Our Dark Duet (Monsters of Verity #2) – by Victoria Schwab
The only author to make two appearances on my list, (because she’s prolific and brilliant), Our Dark Duet is the second and final book in the Monsters of Verity series. ‘This Savage Song’ introduced us to a brand new, brilliantly weird universe. It sounds a bit Romeo and Juliet (the Baz Luhrmann version) – the city of Verity is split down the middle and ruled by two families with opposing philosophies, the Harkers and the Flynns. In the first book their children, Kate Harker and August Flynn, start out spying on each other and end up going on the run together. But of course, there are monsters and this is no simpering romance. In the sequel, Kate Harker is hunting monsters in Prosperity to atone for her sins until something darker than she’s ever faced before leads her back to Verity. August Flynn has stepped into his brother Leo’s shoes and is slowly losing touch with the part of himself that longed to be human. It’s only when Kate and August reunite and work together that they can rediscover the good in themselves and take on the horrific ‘Chaos Eater’. ‘For never was a story of more woe…’ this one is a heartbreaker. The world Victoria Schwab has created in this series is dark, richly layered and wildly imaginative, as in the Shades of Magic Series. I thoroughly enjoyed these two books.
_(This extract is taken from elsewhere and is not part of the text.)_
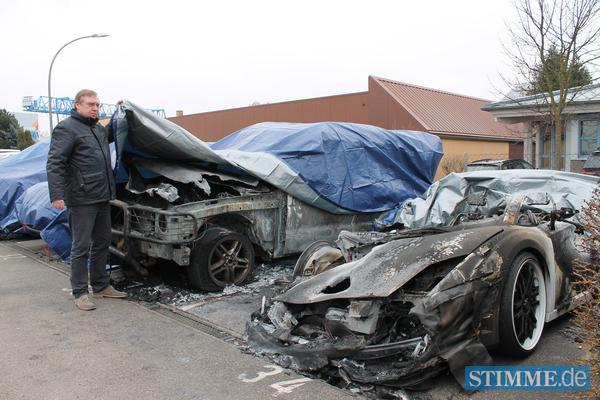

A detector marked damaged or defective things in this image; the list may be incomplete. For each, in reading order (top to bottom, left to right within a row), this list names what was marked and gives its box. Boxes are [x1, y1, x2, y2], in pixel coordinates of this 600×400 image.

The Hate U Give – by Angie Thomas
Starr is a sixteen-year-old girl who lives two, deliberately separate lives. At her exclusive school in a wealthy area she is one of the only three black kids in the school and has assigned herself strict rules of behaviour to fit in, if not blend in. After school, she goes home to her other life in Garden Heights—a life of poverty, crime, drugs and gangs, but also warmth, family and community support. When her unarmed friend is shot by a white police officer while she is in the car, her worlds collide and she has to decide how to reconcile the two different parts of herself. Read this book. It is not only timely, topical and important but also gripping and engaging and should be required reading in secondary schools.
One Of Us Is Lying – by Karen M. McManus
Five students arrive in detention on a Monday afternoon at Bayview High: the brain, the beauty, the criminal, the athlete and the outcast. By the end of detention one of them is dead and, by process of elimination, one of them must be a murderer. ‘The Breakfast Club plus Gossip Girl murder mystery’ is a great elevator pitch and this book sucked me in straight away. I did guess the ending but it was well plotted and skilfully unspooled for the reader—an enjoyable read.
Mooncop – by Tom Gauld
I am big fan of Tom Gauld’s comics so I couldn’t resist this, and, like the rest of his work, Mooncop is beautifully drawn, poignant, wry and meditative. Just lovely!